The problem with coups is that no matter what they are called, they are brutal. States of emergency are intended to be of short duration, but if such a state is really masking a coup, then one is talking of something which is intended to have durability. And inevitably, however low key such a turn of events might start out, in order for those in power to maintain control more and more force – and violence – has to be employed as time goes on and as they meet more resistance. Not just opposition members, but anyone with an independent voice would be liable to arrest, the free media would be subject to censorship, if not closed down, independent organisations would be suspect and citizens generally would live in fear. Surely this is not the kind of independence an earlier generation fought the colonialists for?
In addition to the effects of international sanctions mentioned above, it should be added that Guyana would become an outcast in the councils of nations; it would be suspended from Caricom and would lose the headquarters of that organisation, and it would also be suspended from the Commonwealth and come under the scrutiny of the OAS. Our reputation would never have been so low.
Within the country the de facto President would have destroyed his party – as it is, it may never recover – done incalculable damage to race relations, and they are already in the worst state they have been for a long time, and also inflicted enormous injury on his favourite institution, the GDF, which would pay a heavy price for engaging in political adventurism.

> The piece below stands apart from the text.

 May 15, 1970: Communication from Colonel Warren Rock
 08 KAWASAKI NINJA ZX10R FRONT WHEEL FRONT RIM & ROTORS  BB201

There are those of various ideologies and persuasions who believe that history is driven by forces of one kind or another, and not by individuals. It is hard to apply that to Guyana, where individuals and their decisions at critical junctures have so obviously affected the evolution of our narrative. And so it is today, where the decision of one man can determine our future for good or ill. David Arthur Granger holds history in his hands. For the sake of his party, his country and all our tomorrows, let him choose wisely.